After the Feast

We’re leaning into the time of year for feasting, and we all have our own feast traditions.  But what of traditions for after the feast?     

     When our friend Len was growing up and celebrating with his grandparents in northern New Jersey, what happened after dinner was that everyone, from oldest to youngest, would put on jackets and go for a long walk along the railroad tracks through a former mining community.  The zinc had played out long before; the people had moved away.  Various buildings still stood, but some had been built over mining shafts to keep people out.  Pat says the town is now a thriving arts community but, when Len was a child, the walk was a family adventure. 

     When she was growing up, Pat says, the after-dinner activity was simpler.  “We were happy to be just quiet after being fed, happy to be blessed in so many ways.”  When she and Len lived in New Hampshire with the family they created, Len’s after-feast regimen was to disappear.  A theoretical physicist, he taught graduate courses and an undergraduate astronomy course with 400 students.  After feasts, he would go downstairs and sit cross-legged on the floor, grading exams and stacking them in piles by performance, looking for trends.

     My husband’s mother believed in the family value of doing dishes.  Although she managed a household of seven and their house came with a dishwasher, she had it removed when they moved in.  She was choir director and organist of their church, and the whole family had lovely voices.  The daughters’ voices, in particular, blended perfectly.  Singing tended to accompany the doing of dishes.  My husband says that apres-feast, everyone got to work on the dishes.

     His sister Peg says the after-dinner protocol involved lying around on the floor watching football on television or maybe playing outside.  On further reflection, she says that the kids did the cleanup and got the table looking pretty again, and then it was time for delicious pies.*  We talked a lot at the table, all through dinner and pies.”  “Who did the dishes?” I ask.  “Oh, the kids normally did the dishes.  When Dad helped, there would be water everywhere.  He’d get his hands in the dishwater and everything was just bigger.”  Only after the order was restored was there any lolling about, but it was all good.  You can hear the smile in her voice as she speaks of that time.

     When my sisters and I were kids and family came for a feast, we knew what to do after dinner.  We cleared the table, then we ran to plug in the tea kettle and sort through the teacup cupboard for our favorite cups.  We made tea in the big pewter pot, then delivered cups and teapot to the table, and it was time for stories.  They went on long after the tea grew cold.  We drank it anyway, and lingered in the family’s warmth and love.

     Now that our parents are no more, the nature of feasts at our house has changed.  I invite not just family in the area but neighbors, friends, and students from distant parts of the planet.  Camaraderie grows as we enjoy the meal together, finishing up with coffee and tea.  Guests choose their own cups if they wish, and we still use the pewter teapot.  And then the magic happens.

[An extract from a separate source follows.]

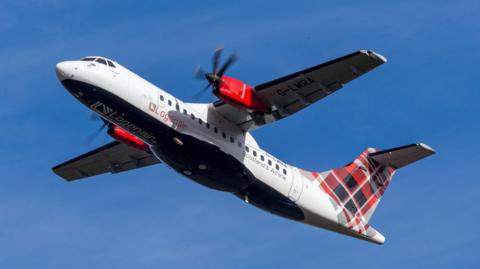 A propeller engine Loganair aircraft in flight. The plane has a white fuselage and tartan decal on its tail. The aircraft is pictured against a cloudless blue sky.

     The students tell stories of the first time they tasted mashed potatoes or American pie.  The foods that would feature in a feast back home.  What weddings are like in their cultures.  There are always lots of questions from the other international students and from the rest of us as well.  Especially when one of the students from India mentioned that when he completed his doctorate, he would be returning home to get married.  In an arranged marriage.

     The questions poured in then, and the student answered them all happily.  He was delighted with his fiancée.  She had not been the first young woman his parents had suggested, or the second or the third.  His parents had asked him what sort of woman he’d like to meet.  He indicated the dancer performing on the TV screen and said, “I’d like to meet her.”  His parents arranged for that to happen, and the young people hit it off.

     Such interesting stories.  Such inclusion and warmth.  What happens after the feast can be delightful. 

*My husband’s mother was, in my completely unbiased estimation, the pie goddess of the world.  I never knew what the fuss was about with respect to pies till I tasted one of hers.  Then I understood. 

29 October 2021

1 comment

  1. Having family, friends, neighbors, and your students from university made Thanksgiving one of my, still, favorite celebrations. Plus the wonderful foods.